**WHAT IS NEEDED**. Could you transcribe exactly the lines from the one containing "Wealers Cycling Bicycle" through the end of the listing below, both included, but none of the pictures?

Segment Open

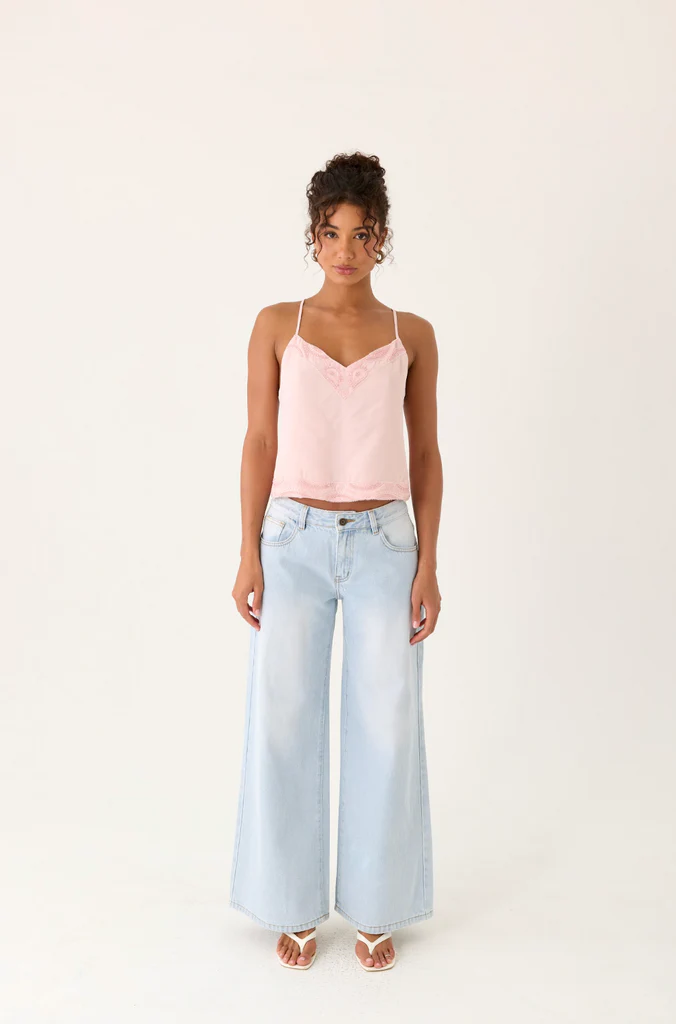Avania Beaded Top - Pink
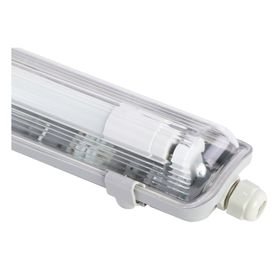 Equipo estanco 1L LED 126cm blanco/gris Drl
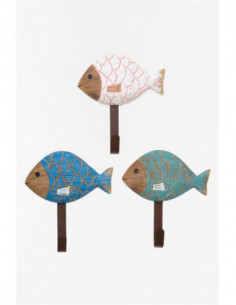 Percheros de pez madera 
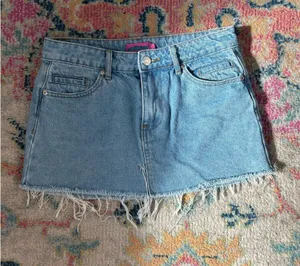 Edikted Mini Denim Skirt thumbnail 1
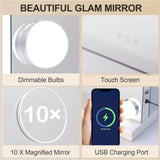 Elecwish Vanity Mirror With Lights BA018, view 4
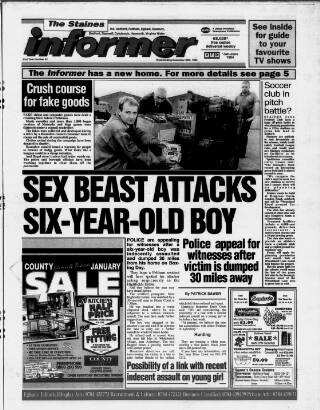 cover page of Staines Informer published on December 30, 1994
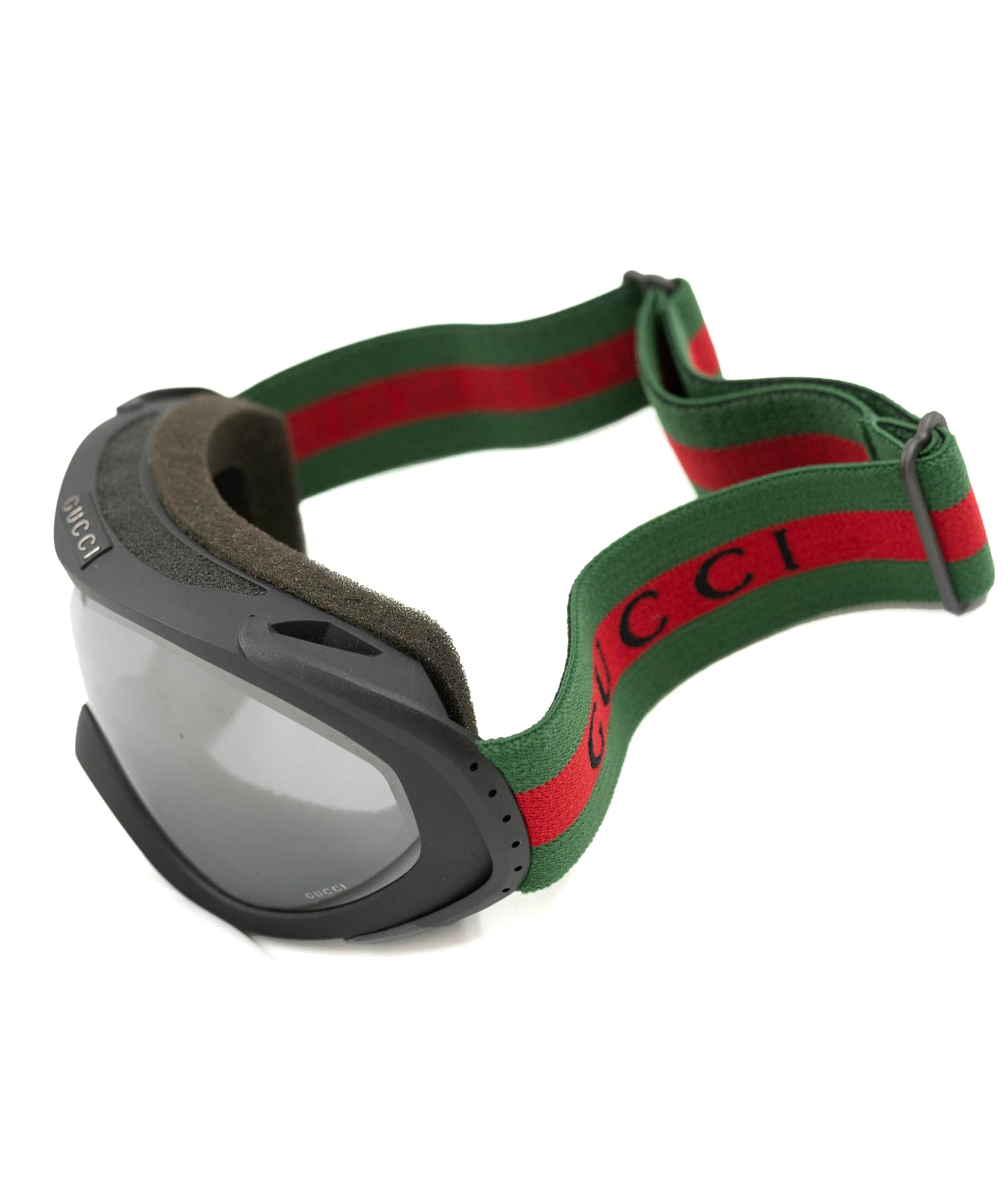 Gucci Gucci Ski Green and Red Elasstic Goggles - AWL3977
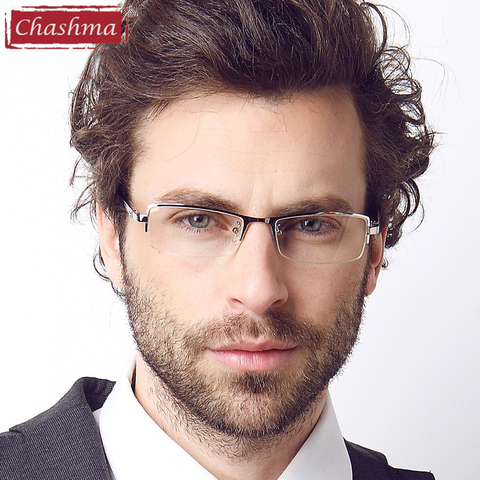Chashma marca Anti radiación gafas hombres óptica gafas Anti reflectante bisagra de resorte de primavera computadora gafas de marco de 140mm ► Foto 1/3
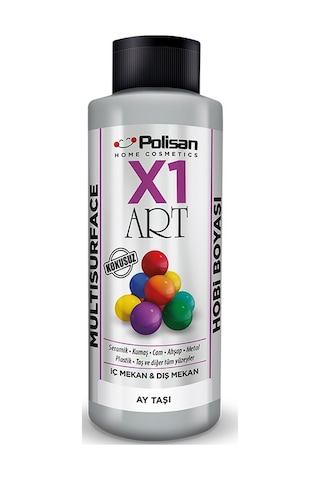 Polisan X1 Art Multisurface Hobi Boyası Ay Taşı 120 ml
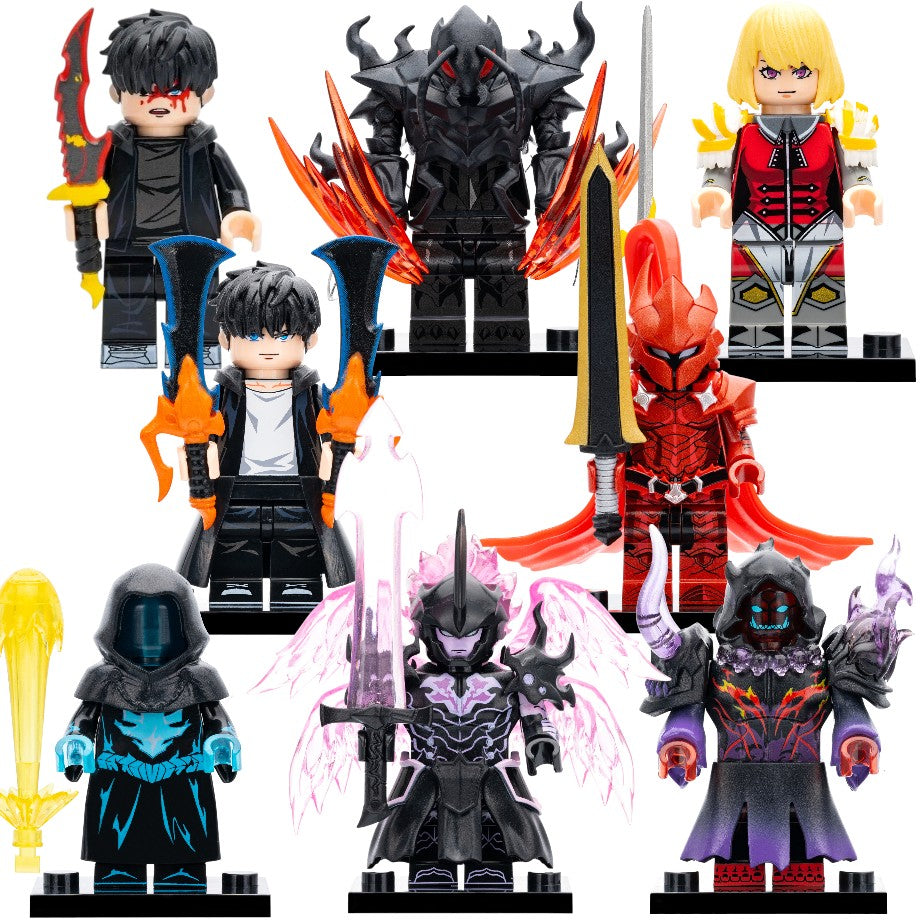 Solo Leveling Sung Jinwoo Igris Beru Bellion Tusk Mage Cha Hae-In Shadow Soldiers Custom Brick Compatible Minifigure Toy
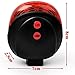 Wealers Cycling Bicycle Bike Rear Tail Safety Warning 5 Led+ 2 Laser Flashing Light (battery's Included)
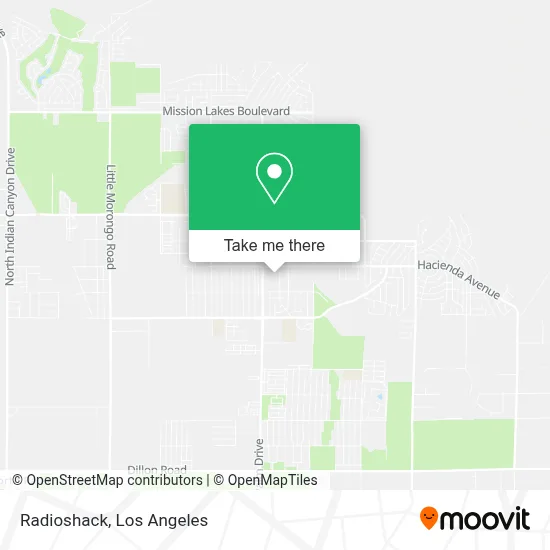 Radioshack map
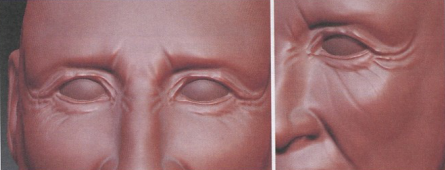 ZBrush眼睛皱纹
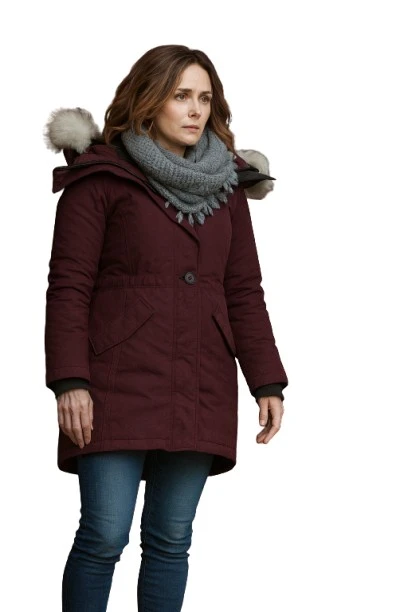 Cross Country Christmas Rachael Leigh Cook Parka Jacket 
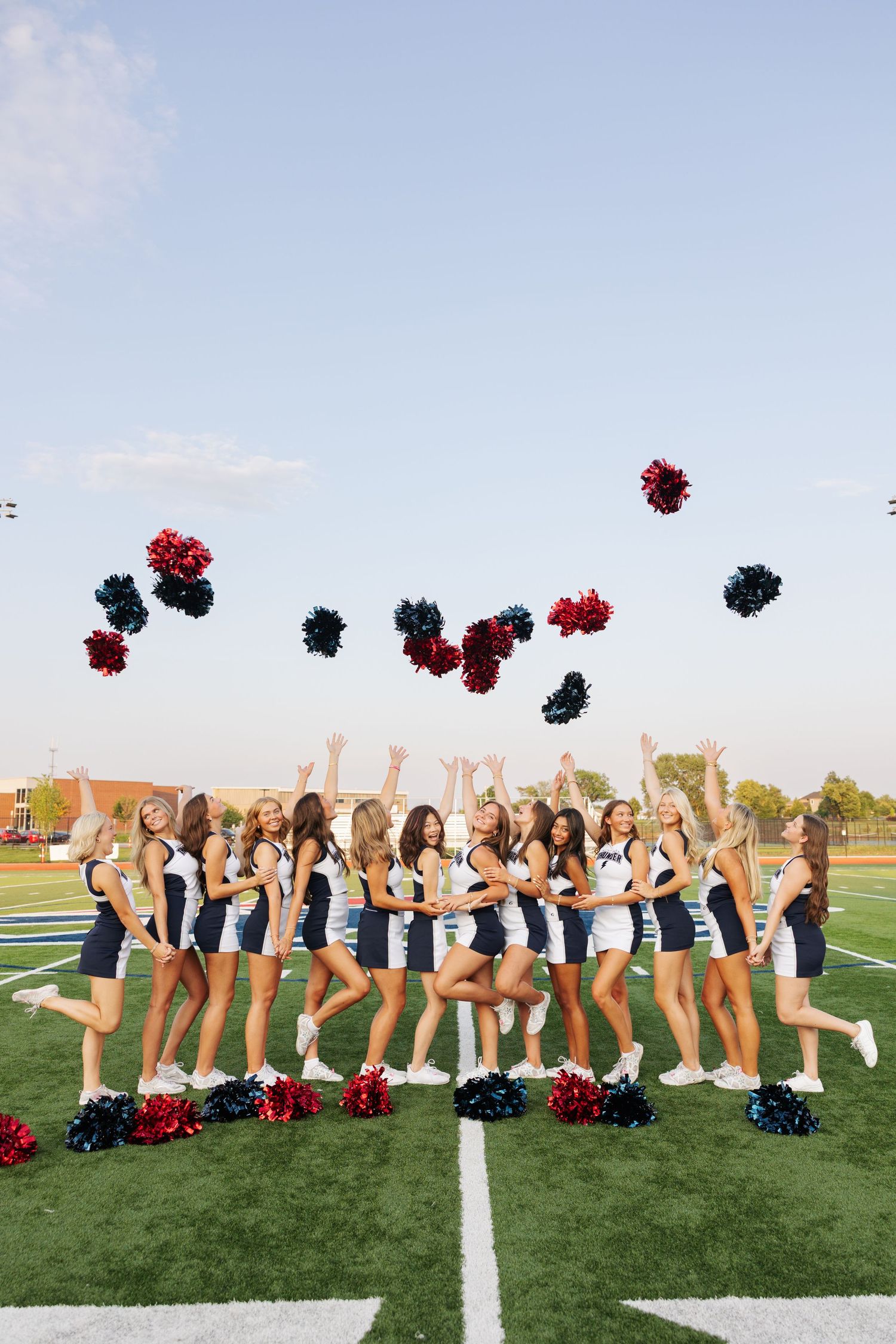 Kansas City Senior Photo Session St. James Academy Lenexa Cheer Team Photos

Segment Closed

**OUTPUT**.
 Wealers Cycling Bicycle Bike Rear Tail Safety Warning 5 Led+ 2 Laser Flashing Light (battery's Included)
 Radioshack map
 ZBrush眼睛皱纹
 Cross Country Christmas Rachael Leigh Cook Parka Jacket 
 Kansas City Senior Photo Session St. James Academy Lenexa Cheer Team Photos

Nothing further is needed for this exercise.